Market News
3 min read | Updated on July 09, 2024, 08:58 IST
SUMMARY
Brent futures for September delivery were priced at $85.51 a barrel at 0300 hours GMT, whereas WTI futures for August delivery were trading at $82.08 per barrel.
In the week ahead, oil rates may rise if data shows a climbdown in American crude stockpile
Crude oil prices edged lower in early trade on Tuesday, July 8, after jitters in the commodities market were eased due to a subdued impact of Hurricane Beryl.
Brent, the global crude benchmark; and the U.S. West Texas Intermediate (WTI), American crude benchmark, slipped by around quarter-of-a-percentage point each as trading commenced in the Asian markets.
Brent futures for September delivery were priced at $85.51 a barrel at 0300 hours GMT, down 0.24% as against the last closing price. WTI futures for August delivery were trading 0.25% lower at $82.08 per barrel at the same time.
Beryl made landfall late on Monday on the coast of Texas, in an area where 40% of the United States' crude is produced. There were fears that a severe impact of the hurricane could affect production for several days, and cause supply chain disruptions.
However, Beryl downgraded into a tropical storm by the time it made landfall. The ports of Corpus Christi, Houston, Galveston, Freeport and Texas City, which were directed to remain closed from Sunday in anticipation of the hurricane, have been allowed to resume operations.

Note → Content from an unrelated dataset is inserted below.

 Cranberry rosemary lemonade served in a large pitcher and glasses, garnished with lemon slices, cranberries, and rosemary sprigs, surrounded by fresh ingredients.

In the week ahead, oil prices may be positively impacted if data shows a further climbdown in American crude stockpile. There is a good chance that the US oil inventories may drop again as summer demand has picked up, suggested IG analyst Tony Sycamore.

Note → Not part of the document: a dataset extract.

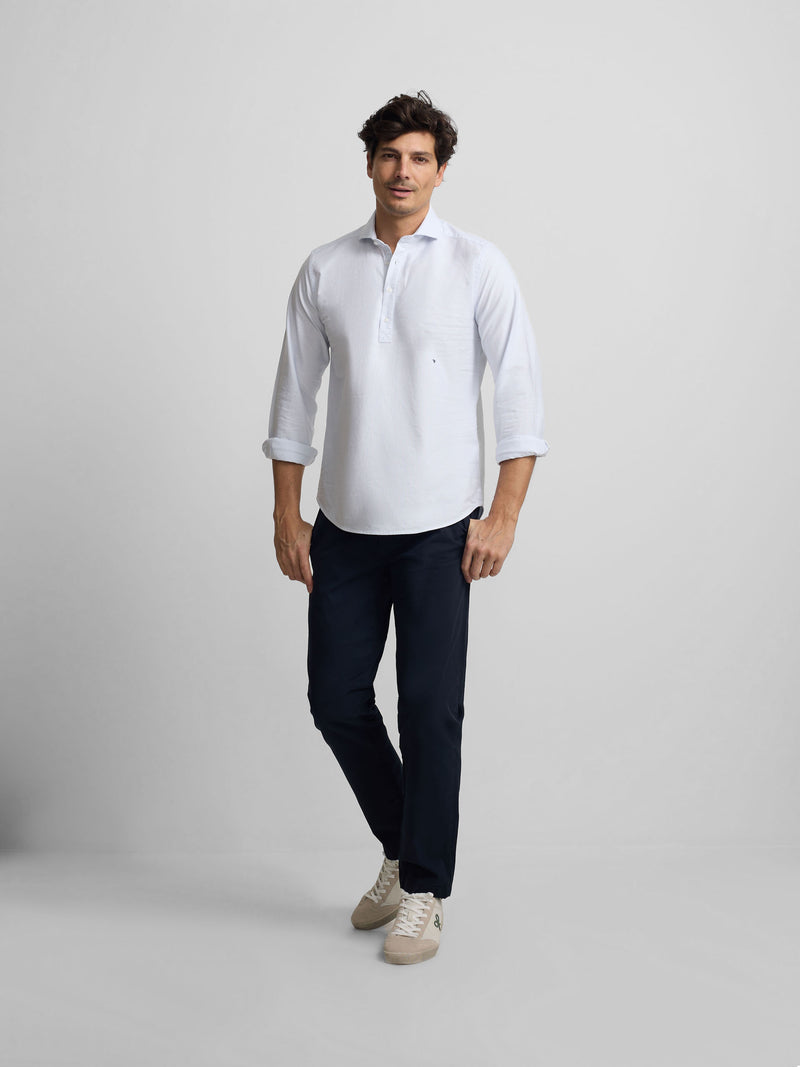 Oxford striped light blue sport polo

The uptick in oil prices was also supported by growing optimism over the US Federal Reserve initiating its rate cut cycle in the near future.

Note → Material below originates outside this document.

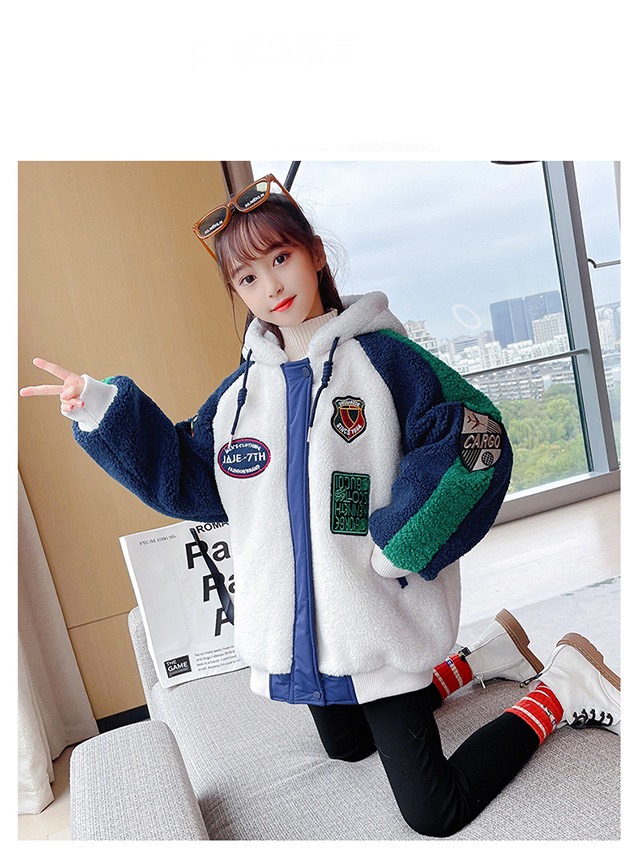 Wool Hooded Jacket  Autumn Winter Girl Coat Zip Warm Fur Thicken Clothing Kids Teenage Fashion Hood Lamb Woolen Plush Teens Jackets Outerwear Coats for Girls in Navy Blue white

Data released last week indicated a softening of the US economy, as the services sector declined in June vis-a-vis May, and the initial unemployment filings rising to a 2.5-year high. This, say analysts, would encourage the Fed to begin slashing the benchmark interest rates, which are at a historic high.
A decrease in the lending rates in the US will lead to an overall spurt in consumption. This is expected to lead to an uptick in crude prices, given the fact that the US remains the world's top oil consumer.
"A slowdown in growth momentum will support disinflationary impulses in coming months, paving the way for the Fed to cut rates," Reuters quoted ANZ Research analysts as saying last week.